Sinir bozukluğuyla güldüm, "Atı atın yanında bağlarsan ha huyundan ya suyundan demişler!"
"Kes lan it ben o kadar küfür etmiyorum bile!"
Kafamı olumlu anlamda salladım, "Kesinlikle öyledir o, şimdi çekil önümden!"
Bir kez daha omzularıma bastırdığında bu defa yarım adım geriye gitmiştim.
"Seni böyle görürse ölür Karvis."
"Onu görmezsem de ben ölürüm Barut."
Elini omuzuma yaslayıp dostane bir tavırla sıktı.
"Yanına gittiğimde sana iyi olduğunu gösteren bir resim atacağım, hatta söz uyuduğunda seni onun yanına götüreceğim ama şuan değil.
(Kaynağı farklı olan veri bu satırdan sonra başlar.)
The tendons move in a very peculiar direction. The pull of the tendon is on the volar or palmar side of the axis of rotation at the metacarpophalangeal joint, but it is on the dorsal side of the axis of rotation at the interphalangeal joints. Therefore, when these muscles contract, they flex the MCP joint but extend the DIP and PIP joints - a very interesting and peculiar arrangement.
Yaran bu denli ağırken yapma."
Haklıydı.
Karşısına böyle çıkarsam hiç uyku girmeyen gözleri bu defa tamamıyla ağırlık yapacaktı küçük bedenine.
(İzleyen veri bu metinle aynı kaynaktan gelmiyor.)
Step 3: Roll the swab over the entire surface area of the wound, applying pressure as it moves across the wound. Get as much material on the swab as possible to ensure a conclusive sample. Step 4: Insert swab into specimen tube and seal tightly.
"Uyuduğunda beni ara Barut ben kendim geleceğim yanına."
Meriç kabullenerek kafasını olumlu anlamda aşağı yukarı salladı, "Söz Yüzbaşı, Barut sözü."
Masal Ladin'in Anlatımıyla
Önümdeki tepsiye mide bulantısıyla baktım, bunları yersem ilerleyen saatlere çıkmam pek mümkün görünmüyordu.
Çelik, tuttuğu kaşığı zorla ağzıma götürdüğünde dayanamayıp öğürdüm.
Elindeki peçeteyi uzatıp dudaklarımın üstüne kapattı.
"Bana bak zeka küpü, kendine hakim olsan iyi olursun gün içinde üzerime kusman üç olacak yoksa bu gidişle."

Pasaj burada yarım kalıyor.